Supplied data below:

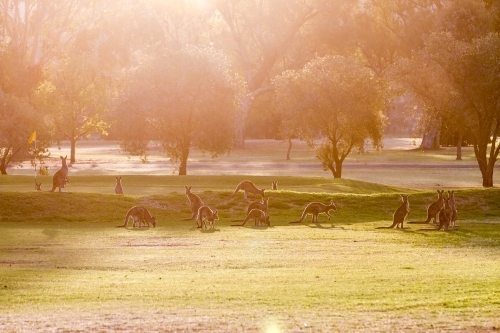 Sun flare view of grazing wallabies on a golf course in the evening golden hour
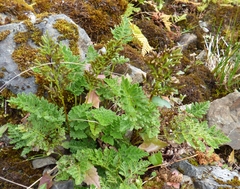 Cryptogramma sitchensis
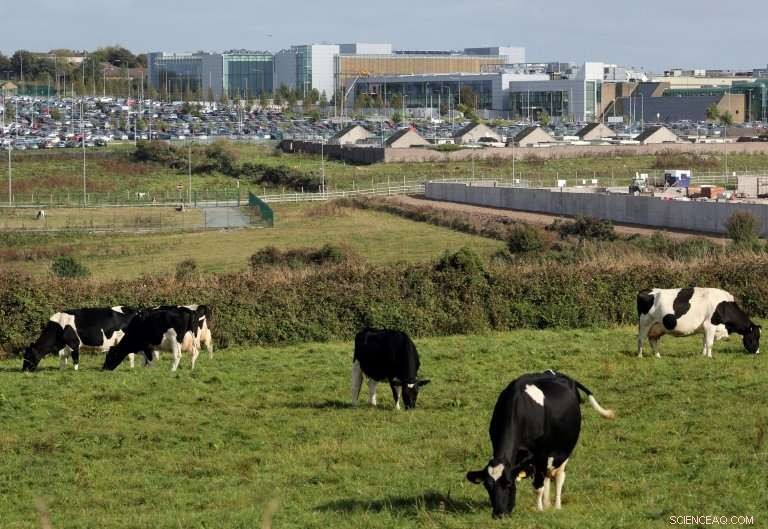 Apple Cancels Ireland Data Centre Project to Protect Trees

End of Supplied data.

What you need to do - Omit the pictures, then retype the remaining material without a single change.

Reply -
 Sun flare view of grazing wallabies on a golf course in the evening golden hour
 Cryptogramma sitchensis
 Apple Cancels Ireland Data Centre Project to Protect Trees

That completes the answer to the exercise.